Key idea: the agent's only legal interface to shop_v1 is the browser. The Runner's only privileged channel is /__test__/*. success_fn predicates read state via SQL queries on the same tables the site writes to, so success is never measured by reading flaky DOM.

Why this architecture

  • FastAPI + React + SQLite in one Docker container. All Python on the agent side, including the SDK and the site backend. SQLite snapshot reset is fast enough that every task run can start from a known-fresh state.
  • Shared SQLModel schema lives in packages/shared-models. Both the site (writer) and the SDK (reader, via /__test__/query) use the same Python classes. There is no JSON contract drift between the two.
  • Modifier middleware is a process-wide config dataclass mutated by /__test__/configure. New failure modes are added by writing a single Starlette middleware (or extending an existing one) — no per-task code changes needed.

Task YAML

A complete task:

id: shop_v1.checkout.payment_declined_recovery
site: shop_v1
category: checkout                # find | cart | checkout | account | multistep | adversarial | mobile
hardness: medium                  # easy | medium | hard
viewport: desktop                 # desktop | mobile_iphone15 | mobile_pixel7
seed: 42                          # determines product list, user, addresses
goal: |
  Buy 1 of "Acme Bluetooth Speaker"… (NL prompt for the agent)
user_credentials:                 # if set, runner pre-auths the browser context
  email: alex@example.com
  password: password123
parameters: { product_slug: ... } # arbitrary parameters the agent prompt can reference
modifiers:
  latency_profile: fast           # fast | realistic | slow_3g | none
  payment_outcome:
    sequence: [declined, success] # consumed in order, last value sticks
  server_error_rate: 0.0
  session_ttl_s: null
  frozen_time_iso: null
success:
  type: state_predicate           # or "python" for an escape hatch
  query: |
    SELECT COUNT(*) AS count FROM "order"
    WHERE user_id = :seeded_user_id AND status = 'paid' AND payment_attempts >= 2
  predicate: result >= 1
  also_assert:
    - SELECT COUNT(*) FROM paymentattempt WHERE outcome = 'declined' >= 1
budget:
  max_steps: 40
  max_tokens: 100000
  max_wall_clock_s: 240
tags: [checkout, recovery]

The schema is enforced via packages/core-py/resurf/schemas/task.schema.json and surfaced through resurf task validate.

Modifier framework

Modifiers are layered onto the FastAPI app:

Modifier Where What it does
latency_profile LatencyMiddleware sleeps before each /api/* response according to per-route min/max profile
payment_outcome PaymentOutcomeMiddleware (logic in /api/checkout/confirm) consumes a configured sequence; supports success / declined / 3ds_required / timeout
server_error_rate ServerErrorRateMiddleware injects 503 errors at a configurable rate on whitelisted paths
session_ttl_s SessionTTLMiddleware (used in auth.create_session) overrides session expiry to force re-auth

Future adversarial modifiers (CAPTCHA, anti-bot, cookie banner, rate limit) are v1; the v0 framework is a load-bearing demonstration that the abstraction holds up.

CSR realism mitigations

The SPA is client-rendered, but DOM-snapshot-before-hydration agents still see structural content because:

  1. index.html ships a pre-rendered shell (header, primary nav, footer, "Loading…" placeholder).
  2. The FastAPI catch-all rewrites <title> and <meta name="description"> per route on every SPA request.
  3. Suspense boundaries with skeleton placeholders mean partial DOM is available even mid-render.
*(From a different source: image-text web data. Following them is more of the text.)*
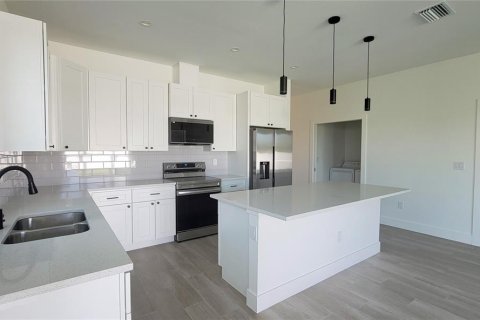 Appartement à louer à Port Charlotte, Floride: 3 chambres, 125.79 m2 № 1657786 - photo 4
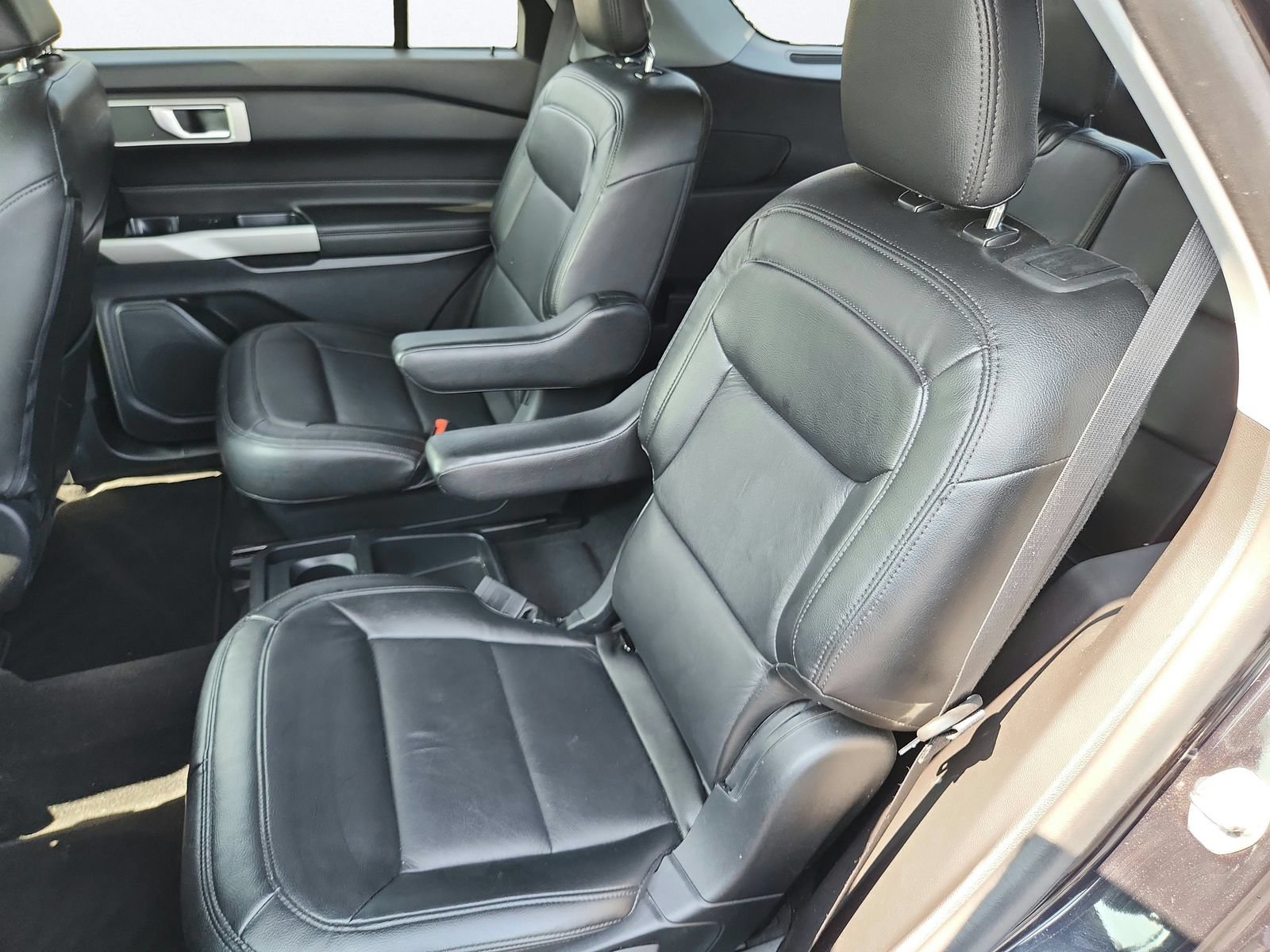 Used 2021 Ford Explorer XLT AWD/4WD image 23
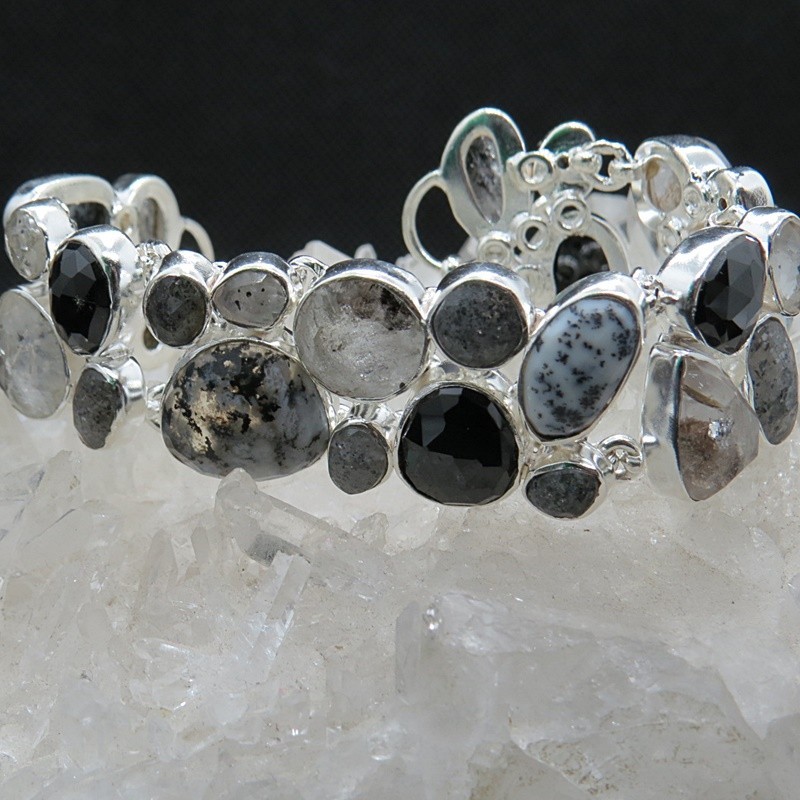 Pulsera joyería en plata merlinita y varias piedras semipreciosas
We document this trade-off explicitly so users running brittle DOM-snapshot agents know what they're getting. v1 will revisit with a Next.js stack if empirical evidence shows the gap matters in practice.

Trajectories

Per-run, the Runner writes trajectories/<timestamp>_<agent>_<task>/trajectory.json with per-step records (action, URL, optional screenshot path, tokens). Adapters populate steps; the Runner adds final metrics on top.